Task statement ▸ Output all the data exactly.

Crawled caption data
------------------------------------
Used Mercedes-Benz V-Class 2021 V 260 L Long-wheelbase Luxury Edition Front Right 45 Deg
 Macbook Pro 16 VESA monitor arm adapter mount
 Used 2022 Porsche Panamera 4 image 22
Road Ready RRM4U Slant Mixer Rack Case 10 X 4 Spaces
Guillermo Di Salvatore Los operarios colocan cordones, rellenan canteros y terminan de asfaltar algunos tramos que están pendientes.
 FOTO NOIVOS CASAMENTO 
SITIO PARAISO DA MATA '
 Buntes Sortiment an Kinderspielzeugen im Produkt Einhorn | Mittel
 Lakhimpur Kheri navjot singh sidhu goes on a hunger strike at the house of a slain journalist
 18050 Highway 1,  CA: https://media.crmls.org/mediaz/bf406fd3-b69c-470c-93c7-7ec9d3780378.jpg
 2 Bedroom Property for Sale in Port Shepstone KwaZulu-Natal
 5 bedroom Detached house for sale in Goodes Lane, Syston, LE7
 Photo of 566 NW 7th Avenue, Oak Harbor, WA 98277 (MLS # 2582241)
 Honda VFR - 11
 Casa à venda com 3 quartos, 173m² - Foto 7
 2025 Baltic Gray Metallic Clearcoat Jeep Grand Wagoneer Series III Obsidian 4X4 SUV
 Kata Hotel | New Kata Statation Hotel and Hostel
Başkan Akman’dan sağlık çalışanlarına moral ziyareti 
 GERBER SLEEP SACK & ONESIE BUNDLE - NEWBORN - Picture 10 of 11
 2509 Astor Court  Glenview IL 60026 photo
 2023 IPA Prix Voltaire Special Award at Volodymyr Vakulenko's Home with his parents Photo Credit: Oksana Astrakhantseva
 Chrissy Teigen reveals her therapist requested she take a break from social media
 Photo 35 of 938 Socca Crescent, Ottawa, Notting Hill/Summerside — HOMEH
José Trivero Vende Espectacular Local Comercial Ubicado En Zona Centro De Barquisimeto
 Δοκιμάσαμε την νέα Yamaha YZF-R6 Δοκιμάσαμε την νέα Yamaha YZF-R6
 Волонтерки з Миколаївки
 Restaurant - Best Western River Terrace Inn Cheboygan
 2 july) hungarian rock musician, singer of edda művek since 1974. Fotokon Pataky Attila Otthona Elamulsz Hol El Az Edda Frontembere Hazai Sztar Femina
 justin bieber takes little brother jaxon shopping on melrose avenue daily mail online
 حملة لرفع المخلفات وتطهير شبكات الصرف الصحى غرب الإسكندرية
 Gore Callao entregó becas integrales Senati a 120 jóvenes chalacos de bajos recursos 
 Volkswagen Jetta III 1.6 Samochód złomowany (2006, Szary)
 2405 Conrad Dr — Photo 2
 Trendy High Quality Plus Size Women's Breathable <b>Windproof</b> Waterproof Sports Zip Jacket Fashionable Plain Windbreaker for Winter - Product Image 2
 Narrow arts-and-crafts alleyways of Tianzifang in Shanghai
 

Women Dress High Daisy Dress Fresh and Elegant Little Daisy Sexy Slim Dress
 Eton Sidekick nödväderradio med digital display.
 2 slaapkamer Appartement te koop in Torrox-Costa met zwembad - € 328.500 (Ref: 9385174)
------------------------------------
Your response ▸
Used Mercedes-Benz V-Class 2021 V 260 L Long-wheelbase Luxury Edition Front Right 45 Deg
 Macbook Pro 16 VESA monitor arm adapter mount
 Used 2022 Porsche Panamera 4 image 22
Road Ready RRM4U Slant Mixer Rack Case 10 X 4 Spaces
Guillermo Di Salvatore Los operarios colocan cordones, rellenan canteros y terminan de asfaltar algunos tramos que están pendientes.
 FOTO NOIVOS CASAMENTO 
SITIO PARAISO DA MATA '
 Buntes Sortiment an Kinderspielzeugen im Produkt Einhorn | Mittel
 Lakhimpur Kheri navjot singh sidhu goes on a hunger strike at the house of a slain journalist
 18050 Highway 1,  CA: https://media.crmls.org/mediaz/bf406fd3-b69c-470c-93c7-7ec9d3780378.jpg
 2 Bedroom Property for Sale in Port Shepstone KwaZulu-Natal
 5 bedroom Detached house for sale in Goodes Lane, Syston, LE7
 Photo of 566 NW 7th Avenue, Oak Harbor, WA 98277 (MLS # 2582241)
 Honda VFR - 11
 Casa à venda com 3 quartos, 173m² - Foto 7
 2025 Baltic Gray Metallic Clearcoat Jeep Grand Wagoneer Series III Obsidian 4X4 SUV
 Kata Hotel | New Kata Statation Hotel and Hostel
Başkan Akman’dan sağlık çalışanlarına moral ziyareti 
 GERBER SLEEP SACK & ONESIE BUNDLE - NEWBORN - Picture 10 of 11
 2509 Astor Court  Glenview IL 60026 photo
 2023 IPA Prix Voltaire Special Award at Volodymyr Vakulenko's Home with his parents Photo Credit: Oksana Astrakhantseva
 Chrissy Teigen reveals her therapist requested she take a break from social media
 Photo 35 of 938 Socca Crescent, Ottawa, Notting Hill/Summerside — HOMEH
José Trivero Vende Espectacular Local Comercial Ubicado En Zona Centro De Barquisimeto
 Δοκιμάσαμε την νέα Yamaha YZF-R6 Δοκιμάσαμε την νέα Yamaha YZF-R6
 Волонтерки з Миколаївки
 Restaurant - Best Western River Terrace Inn Cheboygan
 2 july) hungarian rock musician, singer of edda művek since 1974. Fotokon Pataky Attila Otthona Elamulsz Hol El Az Edda Frontembere Hazai Sztar Femina
 justin bieber takes little brother jaxon shopping on melrose avenue daily mail online
 حملة لرفع المخلفات وتطهير شبكات الصرف الصحى غرب الإسكندرية
 Gore Callao entregó becas integrales Senati a 120 jóvenes chalacos de bajos recursos 
 Volkswagen Jetta III 1.6 Samochód złomowany (2006, Szary)
 2405 Conrad Dr — Photo 2
 Trendy High Quality Plus Size Women's Breathable <b>Windproof</b> Waterproof Sports Zip Jacket Fashionable Plain Windbreaker for Winter - Product Image 2
 Narrow arts-and-crafts alleyways of Tianzifang in Shanghai
 

Women Dress High Daisy Dress Fresh and Elegant Little Daisy Sexy Slim Dress
 Eton Sidekick nödväderradio med digital display.
 2 slaapkamer Appartement te koop in Torrox-Costa met zwembad - € 328.500 (Ref: 9385174)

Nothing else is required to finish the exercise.